Reference Architecture · rag

Enterprise Document Search

Last updated: April 15, 2026

Quick answer

The production-ready stack is a hybrid retrieval pipeline: BM25 plus dense embeddings stored in Qdrant or pgvector, a Cohere or Voyage reranker, and Claude Sonnet 4 as the answer synthesizer. Expect $0.10 to $0.30 per query at scale. The hardest problem is not retrieval — it is access control and document freshness.

The problem

You need employees to search across every internal document — PDFs, Notion pages, Confluence, Google Drive, Slack — with natural-language questions that return accurate answers with citations. The system must respect per-user access permissions, handle 1M+ documents, and answer in under 4 seconds.

Architecture

input

llm

data

infra

output

Source Connectors

Ingests from Notion, Confluence, Google Drive, Slack, SharePoint, and PDFs.

Alternatives: Nuclia, Ragie, Airbyte, Unstructured.io

Semantic Chunker

Splits documents into 400 to 800 token chunks that preserve semantic boundaries.

Alternatives: Late chunking, Contextual retrieval (Anthropic), Recursive character splitter

Embedding Model

Converts chunks and queries into dense vectors.

Alternatives: OpenAI text-embedding-3-large, Cohere Embed v3

Vector DB (Hybrid)

Stores embeddings, BM25 index, and metadata including doc ID and ACL.

Alternatives: pgvector, Pinecone, Weaviate

Hybrid Retriever

Runs dense and BM25 retrieval in parallel, then merges results with reciprocal rank fusion.

Alternatives: RRF, Weighted merging, ColBERT late-interaction

Reranker

Cross-encoder reranks the top 50 results down to 5.
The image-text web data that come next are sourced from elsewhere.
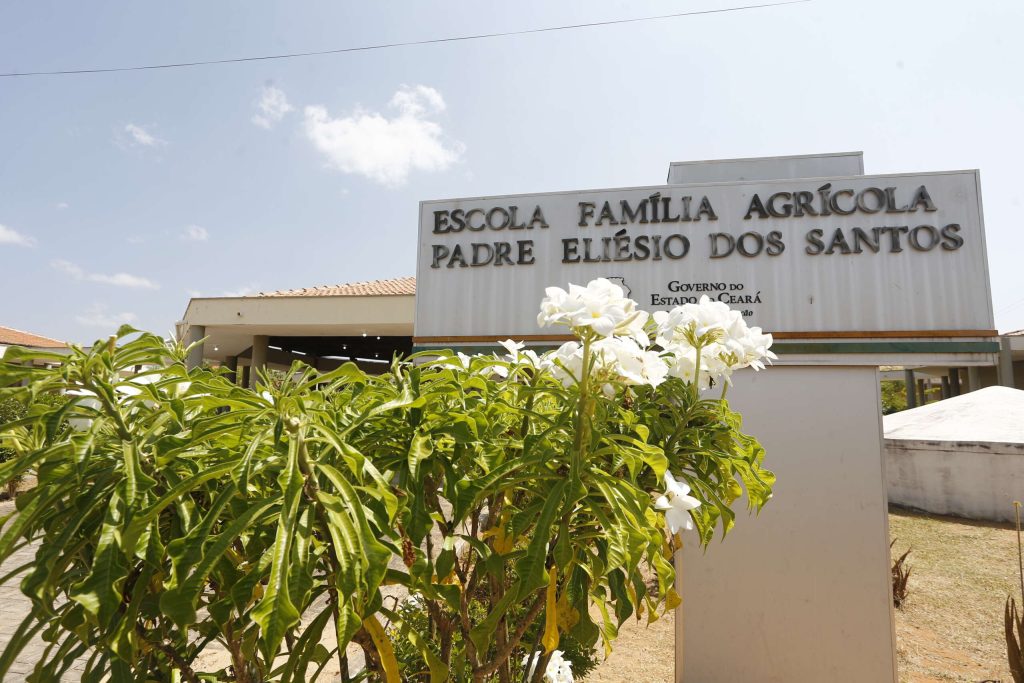 Escola Família Agrícola (EFA) Padre Eliésio dos Santos, em Ipueiras, integra a educação formal com o curso técnico de Agropecuária - Imagens: Tiago Stille/Casa Civil - F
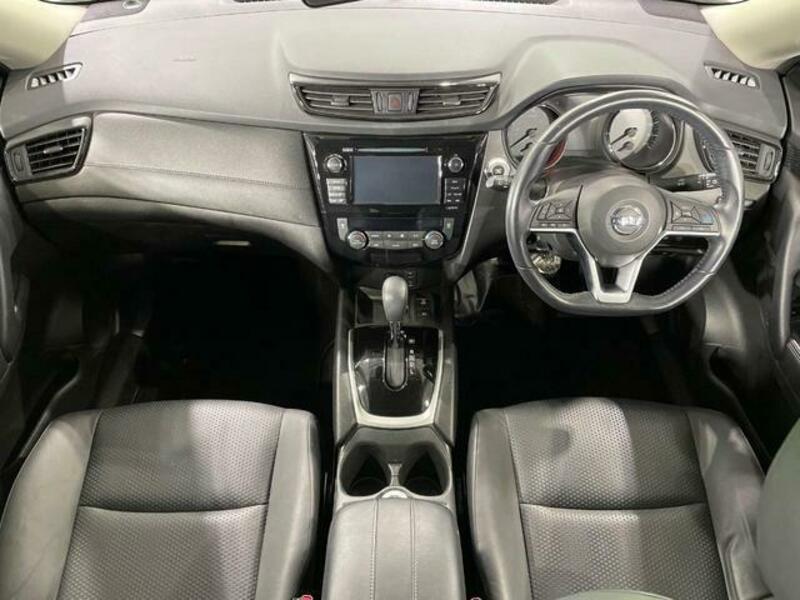 X-TRAIL-1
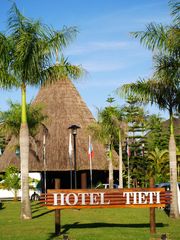 L’entrée de l’Hôtel Tieti à Poindimié (Côte Est)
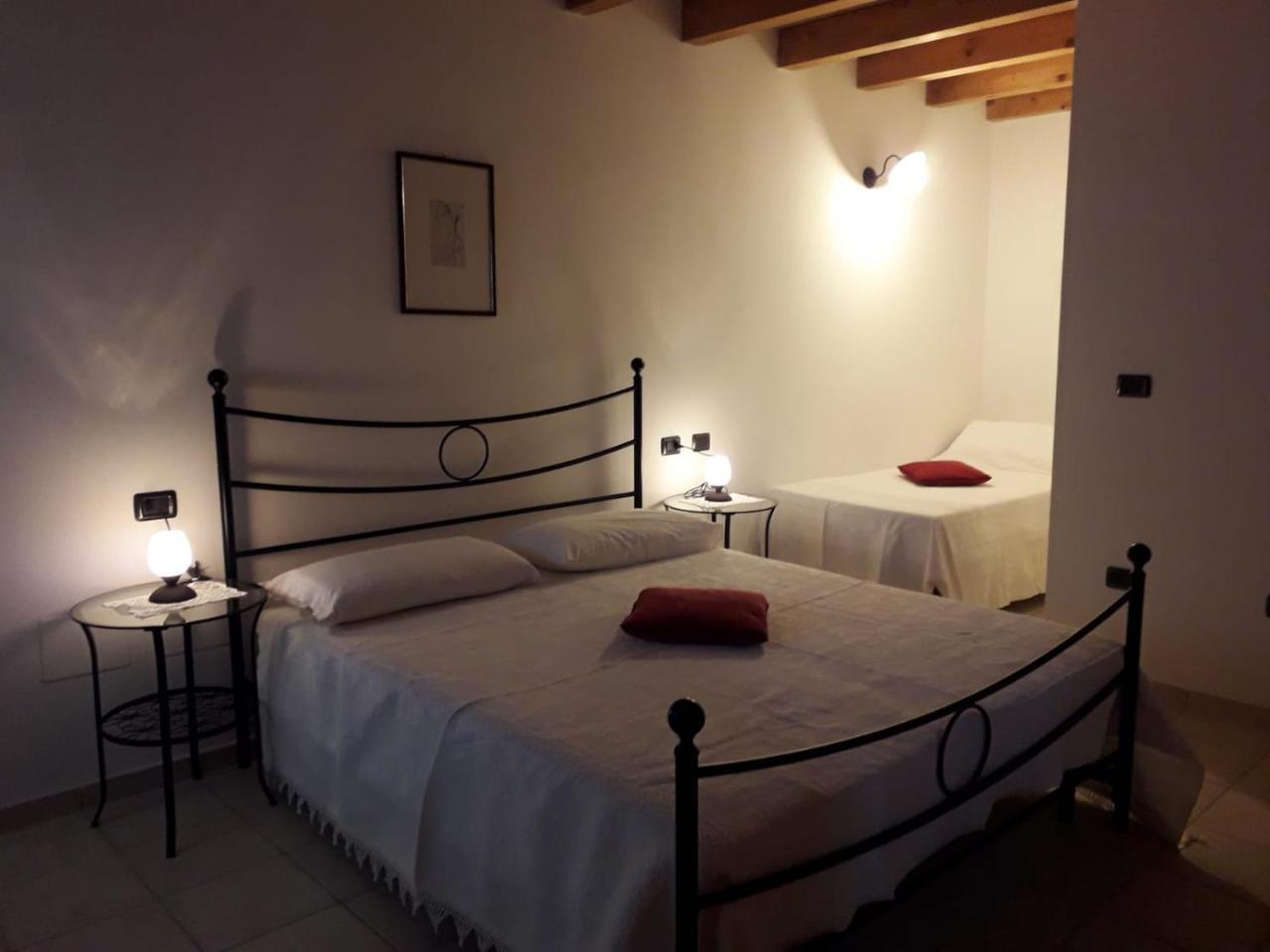 La Tana Del Picchio Villa Neviano degli Arduini Exterior foto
Alternatives: Cohere Rerank 3, Voyage Rerank-2, Jina reranker

ACL Filter

Removes documents the requesting user cannot access before ranking.

Alternatives: SpiceDB, OpenFGA, Custom middleware

Answer Synthesizer

Generates the answer with inline citations to source chunks.

Alternatives: GPT-4o, Gemini 2.5 Pro

Search UI

Displays the answer plus ranked source documents with citations.

Alternatives: Custom React, Glean-style, Slack bot

The stack

Source connectorsUnstructured.io + custom

Open-source, handles 60+ document formats, and integrates with most enterprise systems without an additional SaaS contract.

Alternatives: Nuclia, Ragie

Chunking strategyContextual retrieval (Anthropic)

Prepends a 50-token context header to each chunk. Anthropic benchmarks show 35% improvement in retrieval recall on document Q&A tasks.

Alternatives: Semantic chunking, Late chunking

EmbeddingsVoyage-3-large

Leads MTEB in 2026. The 1024-dimension variant balances quality and storage cost across million-document corpora.

Alternatives: OpenAI text-embedding-3-large, Cohere Embed v3

Vector DBQdrant

Native hybrid search with built-in BM25. pgvector works well for under 5M vectors if you want to avoid an additional managed service.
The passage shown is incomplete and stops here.